[[ Dataset extract, beginning ]]

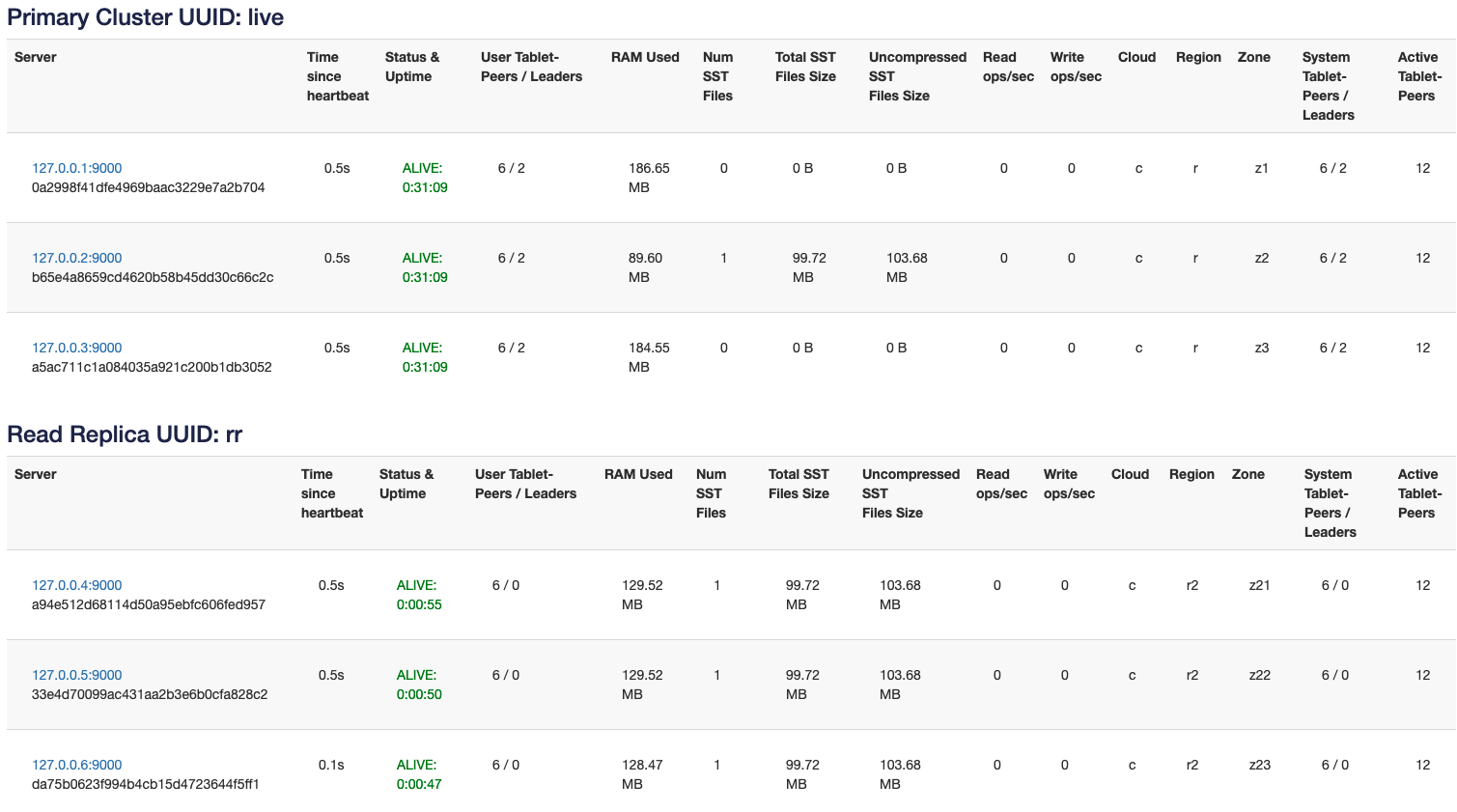 Primary and read replica Primary and read replica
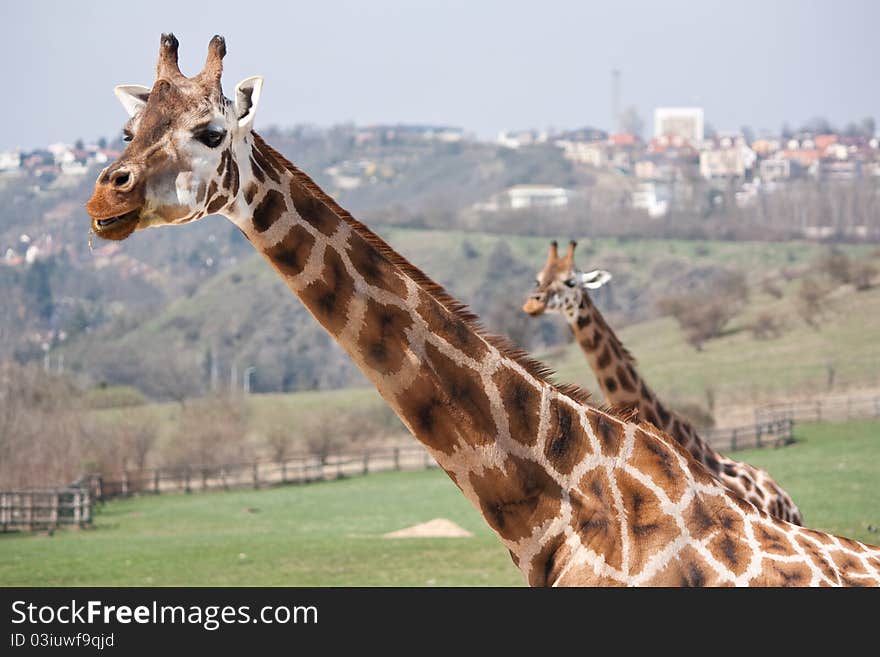 Two giraffes on the pasture at zoo with city in the background. Two giraffes on the pasture at zoo with city in the background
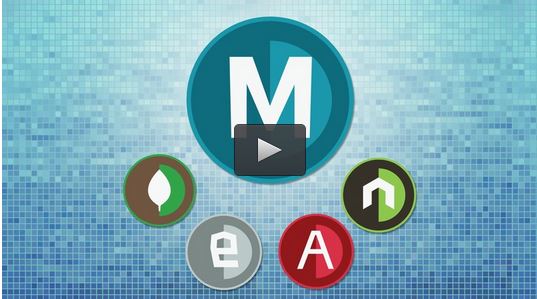 Learning Web Development with the MEAN Stack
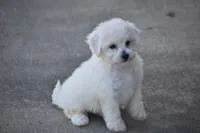 Bunny, a female Bichpoo for sale in Eldorado, OH – 5 of 5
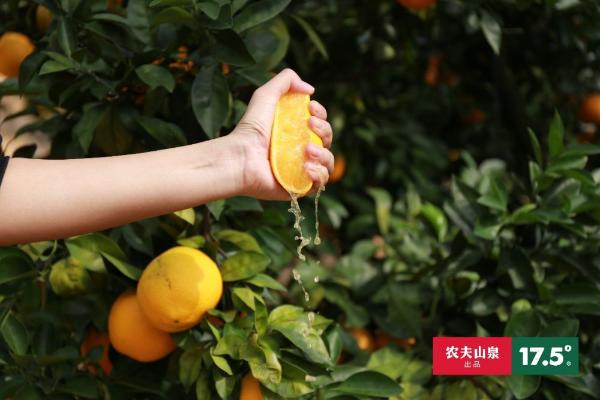 17.5°橙2020开园“第一剪”：京东生鲜携手农夫山泉首发冬日甜蜜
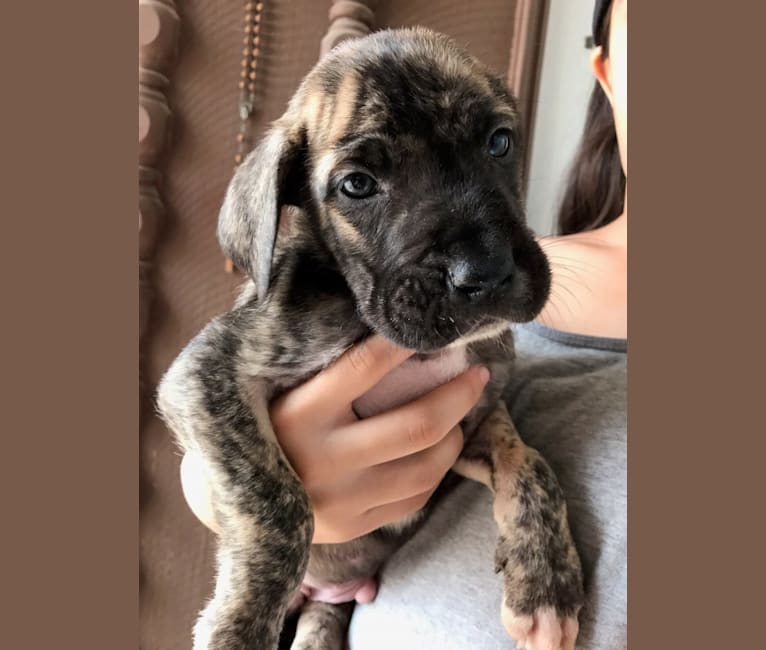 Embark Dog Dna Test Breed See more of saint bernard newfoundland great danes on facebook. embark dog dna test breed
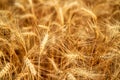 Golden ripe wheat ears at the farm field ready for harvesting. Rich wheat crop harvest. Agriculture and agronomy theme Royalty Free Stock Photo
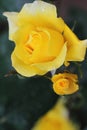 Beautiful yellow rose in the garden with raindrops Royalty Free Stock Photo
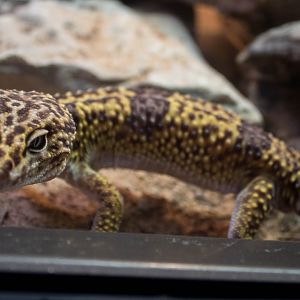 Iranian leopard gecko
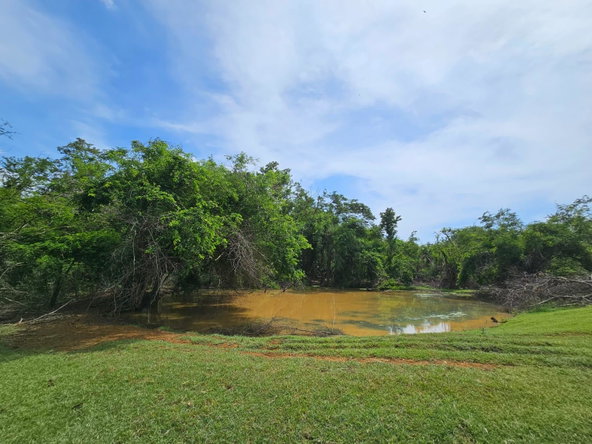 Fifteenth image of Friendship in Friendship, St. Elizabeth, Jamaica - property is For Sale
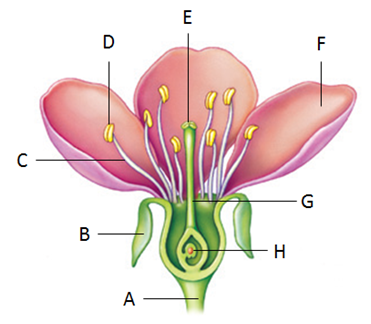  Examine the following figure. Match each letter of the figure with the appropriate structure.  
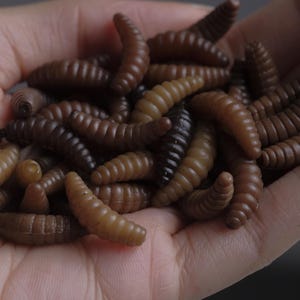 May include: A close-up of a hand holding a pile of brown and black plastic fishing worms.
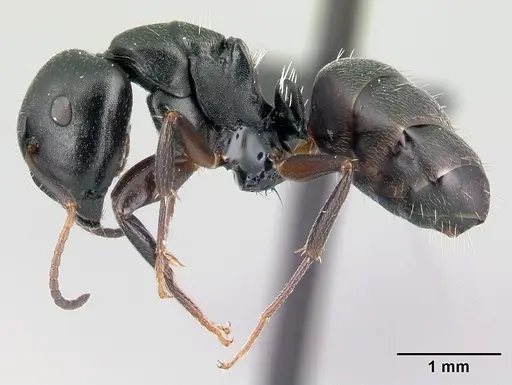 Camponotus galoko specimen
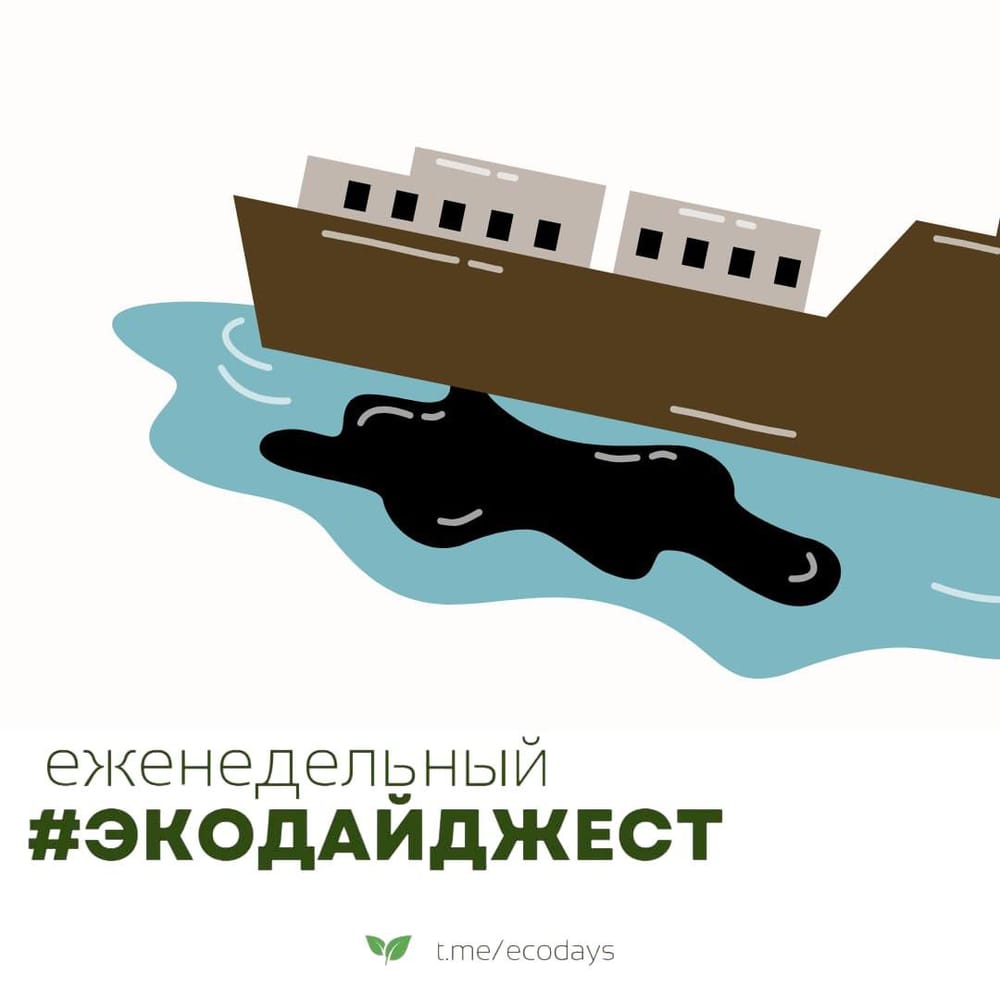 Экодайджест: Карта последствий разлива мазута очень расстраивает — Анапа, Благовещенская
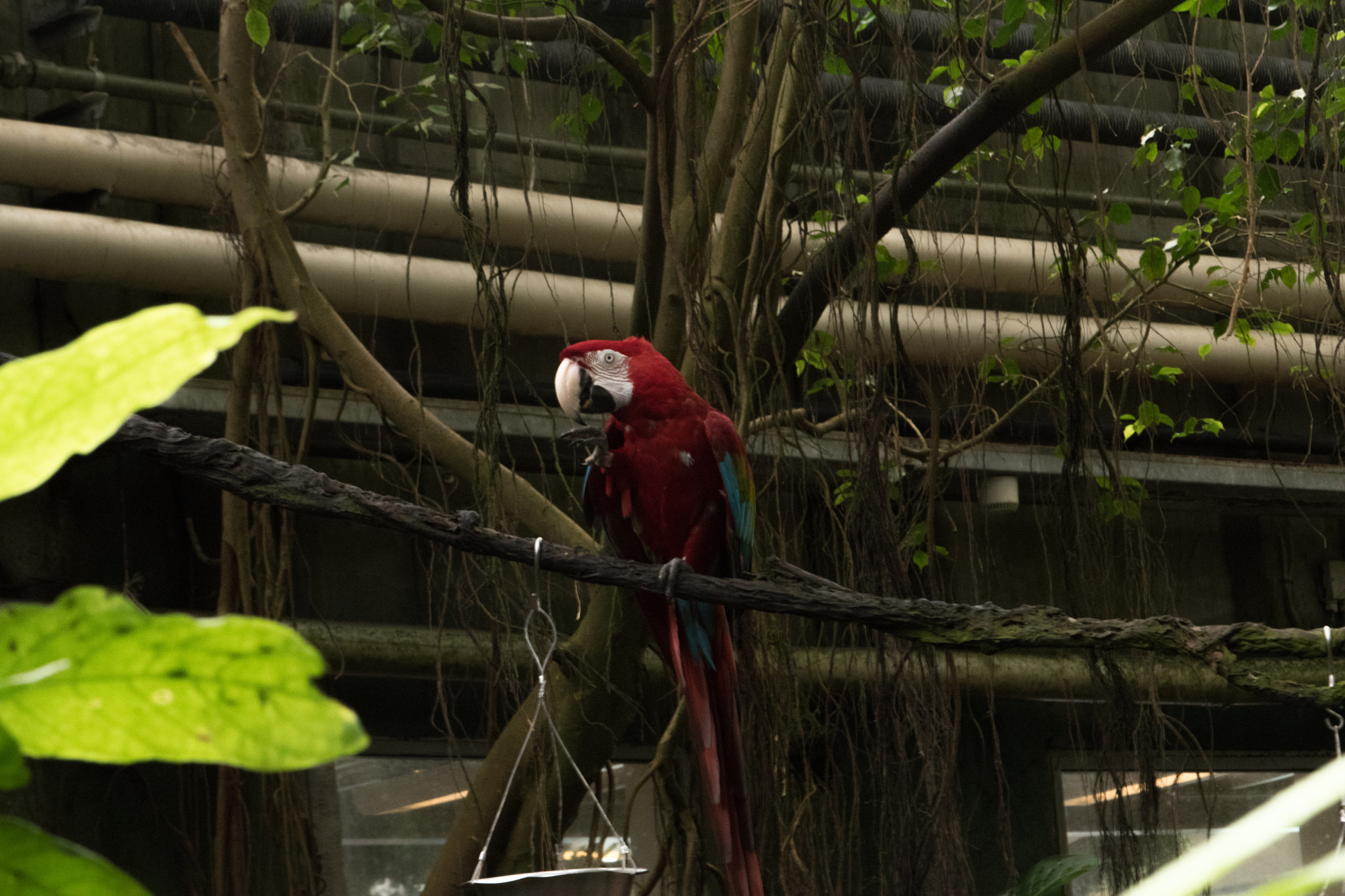 Nikon AF-S DX Micro-Nikkor 85mm F3.5G ED VR sample photo. Randers tropical zoo photography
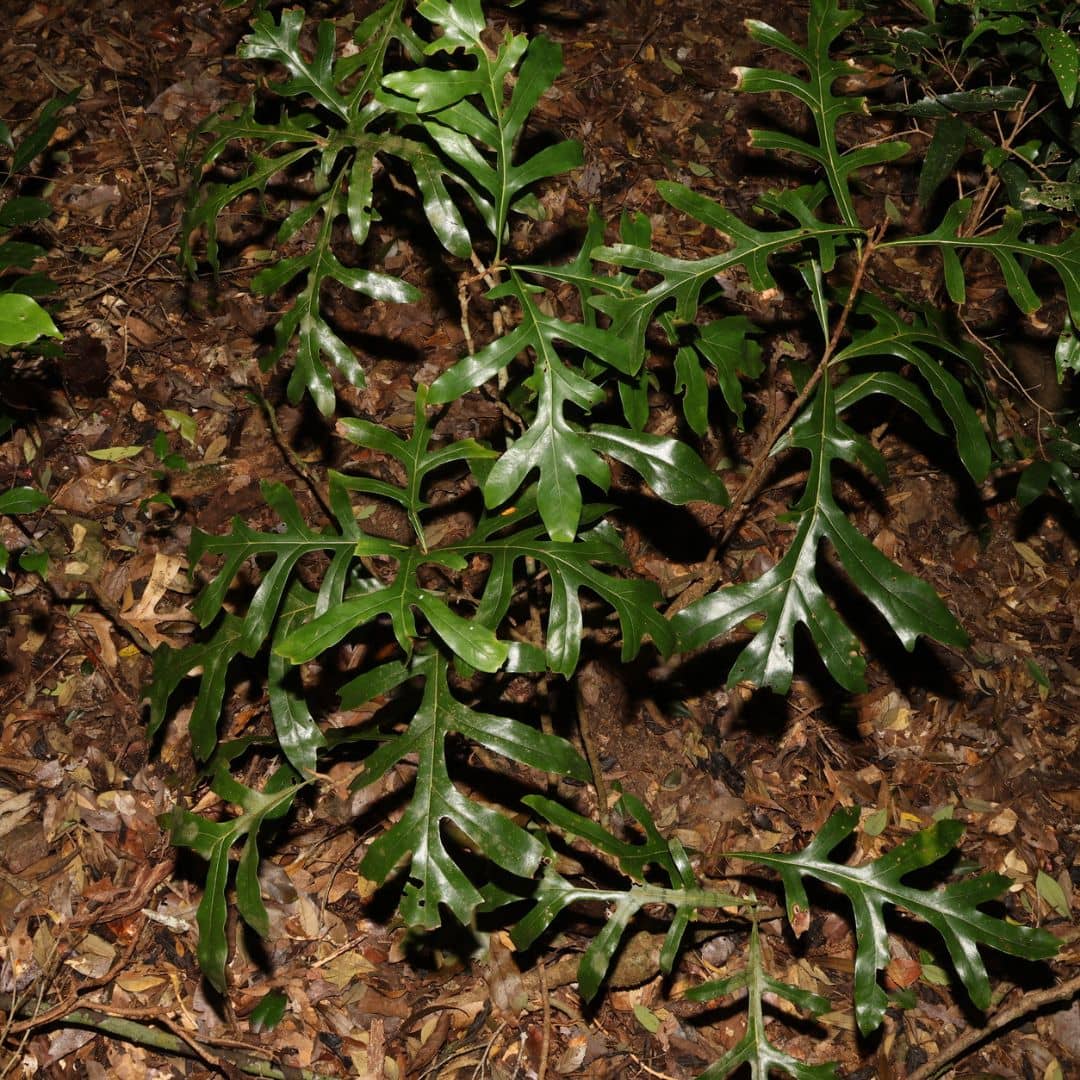 jeunes plantules de Stenocarpus sinuatus arbre roue de feu dans son milieu naturel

[[ Dataset extract, end ]]

Every picture stays out; reproduce exactly the lines from the one with "Bunny, a female" through the last line of the data above.

** Exercise output **
 Bunny, a female Bichpoo for sale in Eldorado, OH – 5 of 5
 17.5°橙2020开园“第一剪”：京东生鲜携手农夫山泉首发冬日甜蜜
 Embark Dog Dna Test Breed See more of saint bernard newfoundland great danes on facebook. embark dog dna test breed
 Golden ripe wheat ears at the farm field ready for harvesting. Rich wheat crop harvest. Agriculture and agronomy theme Royalty Free Stock Photo
 Beautiful yellow rose in the garden with raindrops Royalty Free Stock Photo
 Iranian leopard gecko
 Fifteenth image of Friendship in Friendship, St. Elizabeth, Jamaica - property is For Sale
  Examine the following figure. Match each letter of the figure with the appropriate structure.  
 May include: A close-up of a hand holding a pile of brown and black plastic fishing worms.
 Camponotus galoko specimen
 Экодайджест: Карта последствий разлива мазута очень расстраивает — Анапа, Благовещенская
 Nikon AF-S DX Micro-Nikkor 85mm F3.5G ED VR sample photo. Randers tropical zoo photography
 jeunes plantules de Stenocarpus sinuatus arbre roue de feu dans son milieu naturel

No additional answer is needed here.